TRY IT
The required output is a number: how many lines of the data below include the string "with".

--------------------

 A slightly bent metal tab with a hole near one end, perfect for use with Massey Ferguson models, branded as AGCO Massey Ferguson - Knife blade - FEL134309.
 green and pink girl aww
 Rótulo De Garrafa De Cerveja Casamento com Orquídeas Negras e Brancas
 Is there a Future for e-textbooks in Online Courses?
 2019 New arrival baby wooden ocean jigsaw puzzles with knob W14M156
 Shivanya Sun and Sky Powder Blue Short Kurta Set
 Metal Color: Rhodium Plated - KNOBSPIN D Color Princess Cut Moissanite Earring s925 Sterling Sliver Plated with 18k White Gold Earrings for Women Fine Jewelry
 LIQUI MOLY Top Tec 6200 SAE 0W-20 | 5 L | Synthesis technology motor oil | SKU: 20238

--------------------

RESPONSE AREA
3